Trump not currently a criminal target of Mueller: report

Special counsel Robert Mueller has reportedly informed President Trump’s lawyers that the commander-in-chief is not a criminal target — although he is still under investigation.

Mueller said he still needs to interview Trump — to determine if the president had any corrupt intent to thwart the probe — and the special counsel plans to write a report about Trump’s potential obstruction of justice, The Washington Post reported on Tuesday.

The mixed-message briefing from Mueller took place last month as the sprawling investigation into Russia’s interference in the 2016 election moves forward, the paper said.
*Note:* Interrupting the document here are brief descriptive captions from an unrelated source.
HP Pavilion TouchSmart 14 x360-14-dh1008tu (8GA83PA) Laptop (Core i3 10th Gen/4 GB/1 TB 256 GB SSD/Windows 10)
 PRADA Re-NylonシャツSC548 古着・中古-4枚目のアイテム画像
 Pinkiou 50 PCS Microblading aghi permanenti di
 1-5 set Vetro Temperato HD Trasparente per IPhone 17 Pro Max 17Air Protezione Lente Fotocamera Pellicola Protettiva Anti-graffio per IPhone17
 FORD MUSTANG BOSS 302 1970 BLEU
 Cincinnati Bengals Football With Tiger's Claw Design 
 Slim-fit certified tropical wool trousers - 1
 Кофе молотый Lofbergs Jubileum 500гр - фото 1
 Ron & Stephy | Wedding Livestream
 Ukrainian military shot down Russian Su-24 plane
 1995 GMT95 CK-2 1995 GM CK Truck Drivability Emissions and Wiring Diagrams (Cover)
Mueller’s characterization of Trump’s status has reportedly sent the president’s closest advisers into two distinct camps.

Some of Trump’s team believe that it shows his chances of ever facing criminal charges are remote, at best.

Trump himself has continually said “no collusion” happened between Russia and his campaign.

But others in Trump’s inner circle still believe the president remains a potential target for indictment, based solely on continuing to be under Mueller’s magnifying glass.

Adding to that fear, Mueller has told Trump’s lawyers that he’s preparing a report about the president’s actions after taking office, which could amount to obstruction of justice for allegedly
trying to derail the Russia probe, the newspaper said.

Princeton University political-science Professor Keith Whittington, an impeachment expert, said that even if the president isn’t a criminal target, he could still end up in Congress’ cross hairs.

“The president’s personal risk is primarily on the impeachment front,” Whittington told the paper.

“Even if there are not things that lead to indictment, there may be matters that warrant an impeachment investigation and proceedings.”

Trump should have no belief he’s in the clear, the expert said, despite Mueller putting the president in the criminal clear — for now.

“If I were the president, I would be very reluctant to think I’m off the hook,” Whittington said.

“My sense of it is the president — given that information — ought to have pretty fair warning anything he’s saying in the deposition would be legally consequential. Depending on what he says, it could wind up changing how the special counsel is thinking about him.”

Two of Trump’s lawyers and a Mueller representative declined to comment Tuesday.

Even if Mueller determines there was no collusion, Trump’s own statements may play a part in the obstruction-of-justice probe.

In May of last year, Trump admitted in an interview with NBC’s Lester Holt that he fired FBI Director James Comey because of the bureau’s probe of “this Russia thing.”

Also, before he was fired, Comey took note of an awkward dinner where Trump allegedly demanded “loyalty” from him and asked that the probe into former national security adviser Michael Flynn be discontinued.

“I hope you can see your way clear to letting this go, to letting Flynn go. He is a good guy.” Trump allegedly said about his former top aide.

Flynn has since pleaded guilty to making false statements to the FBI.